The film was created to showcase Tardar Sauce, the subject of an Internet meme which first appeared in 2012. By the end of 2013, the company which manages Grumpy Cat's image was valued at around $1 million. The company is managed by Ben Lashes, who is credited as an Executive Producer on Grumpy Cat's Worst Christmas Ever. Director and co-writer Tim Hill had previously directed Garfield: A Tail of Two Kitties and Alvin and the Chipmunks.

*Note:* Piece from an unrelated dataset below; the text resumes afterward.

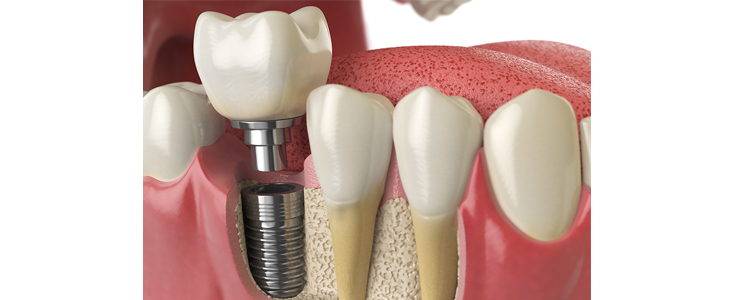 Ordinacija dr. med. dent. Aleksandar Kovačević: implant - Kuponko.si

When Plaza was cast to perform Grumpy Cat's voice, she was initially unfamiliar with it, but learned about the cat before production. The film was shot in its entirety before Plaza recorded her lines. She re-drafted around 90% of her dialogue, explaining,
Once I realized that the cat's mouth wasn't going to move, I just kind of went for it, and thought, 'Well, if it's just going to cut to the cat and I can say my line, then I can just comment on other things, too.' The movie kind of has a Mystery Science Theater 3000 vibe to it, so it's like you're getting Grumpy's commentary throughout the whole thing, but then Grumpy is also starring in the story.

==Reception==
The film was first broadcast at 8pm EST on November 29, 2014, on the Lifetime channel in the United States. A hashtag on Twitter representing the film, #WorstChristmasEver, trended during the first half of the movie. It was watched by 1.7 million viewers.

The film received mostly negative reviews. On review aggregator Rotten Tomatoes, the film holds an approval rating of 27%, based on 11 reviews, and an average rating of 4.17/10.

The A.V. Club and Entertainment Weekly both panned the film. The A.V. Club called it "the largest turd in [Lifetime's] crap crown of original programming...so unforgiving, so psychologically trying, that the process alone leaves the viewer straining to hear the dialogue over the sound of the soul being crushed wholesale, bone and sinew wrenched apart at the joint."

The Guardian, MySA, and St. Louis Post-Dispatch were more positive in their reviews, with the St. Louis Post-Dispatch commenting that although the film was "terrible" they still enjoyed it overall. The Hollywood Reporter also gave the film a positive review, stating "[t]he Christmas miracle of this movie is that Grumpy Cat's Worst Christmas Ever isn't the worst Christmas movie ever," and praising the writing and Aubrey Plaza's voice acting.